Second Airport For Bengaluru ‘Absolutely Necessary’, Says Air Deccan Founder Captain Gopinath – News18

Second Airport For Bengaluru ‘Absolutely Necessary’, Says Air Deccan Founder Captain Gopinath – News18



News18

The Karnataka government’s dream to build a second airport in Bengaluru is yet to take wings, but the plan has been endorsed by Captain GR Gopinath, the founder of Air Deccan. Calling it “absolutely necessary and as obvious as daylight,” the aviation expert added that along with building the airport, there must also be healthy competition for better utility of services and customer-friendly pricing.

“Just like airlines compete with each other, we must also have airports compete with each other. It is good and healthy competition, it will regulate monopoly, and it gives you better utility of service and lower prices. Ultimately, people will benefit from it,” said Gopinath in an exclusive interview with News18.

Cities are growing at a quick pace and metros like Delhi, Mumbai, and Bengaluru are growing to be mega-cities. The population of Bengaluru is three times more than that of Norway. There is a need to have airports, not just two, maybe even three if necessary to service the city and the people travelling across, Gopinath said.

‘Bengaluru Should Grow in All Directions’

He also spoke of how cities like Bengaluru should not grow in a unipolar direction, but in all directions. “Presently, if a person staying in Electronic City in southeast Bengaluru has to catch a flight, he needs to travel 3 hours to get to Kempegowda International Airport Bengaluru (KIAL), which is in North Bengaluru’s Devanahalli. A city should grow in all directions and there should be equitable growth and airport connectivity should also help link this growth,” Gopinath said.

Gopinath spoke of how London city has six international airports and has grown in all directions; Bengaluru has the potential to do so as well, and people should benefit from healthy competition and easy accessibility.

“Even in mega-cities, you need low-cost airports so that people can get on and off without having to pay a premium for food or their shopping. You also need to create low-cost airlines which are clean, efficient, and operate from cost-efficient terminals so that all people have access to this form of transport. But the bigger problem that needs to be addressed is breaking monopoly. Monopoly creates monsters,” added the aviation expert.

‘Companies Try to Monopolise’

The aviation industry leader spoke of how companies tend to monopolise airport management and tend to create cogs in the wheel, adding this can cause severe inconvenience and hinder growth for a city.

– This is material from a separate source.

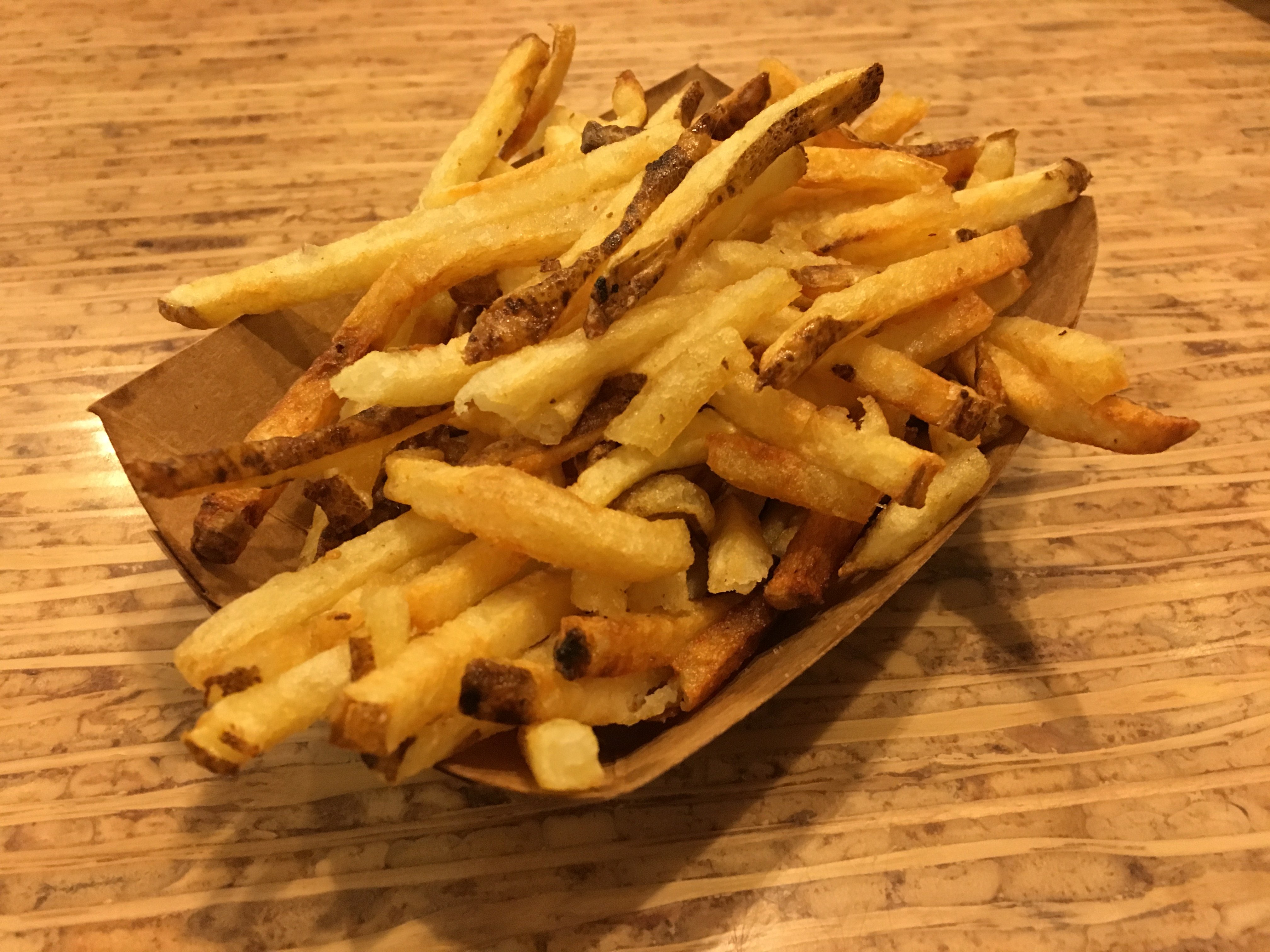 crispy-homemade-fries-made-with-olive-oil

Gopinath recalled the days when Air Deccan used to operate and they wanted to start a flight to Bidar, a region in northernmost Karnataka that has limited accessibility. Typically, it would take 15 to 16 hours to travel there. People would fly to Hyderabad and then take the road to reach Bidar, which would turn out to be expensive. Gopinath spoke of how he was offered a civilian enclave by the Air Force in Bidar like in Goa to operate flights to the remote region. “But the company operating the airport in Hyderabad said that no airport can be built in the range of 150 km and I could not operate in Bidar. Those operating the Hyderabad airport put a spoke in the wheel and that affected the progress of providing a backward area of a neighbouring state with new opportunities and development,” he said.

Gopinath also stressed that more and more players should participate in building airports.

“Delhi is another classic example of where different entities are handling airports and will make for healthier cometition and competitive pricing. Noida is being developed by Flughafen Zürich AG (Zurich Airport) and GMR is handling Selhi,” he said.

The founder of Air Deccan once again reignited the need to open the HAL airport located in the heart of the city of Bengaluru for civilian operations. A PIL was filed by him along with Biocon founder Kiran Mazumdar Shaw seeking to continue operations of the HAL airport while operating KIAL. “The problem of people reaching airports will be reduced if you have one in the region they live in. In London, you have the main airport in the heart of the city,” he explained.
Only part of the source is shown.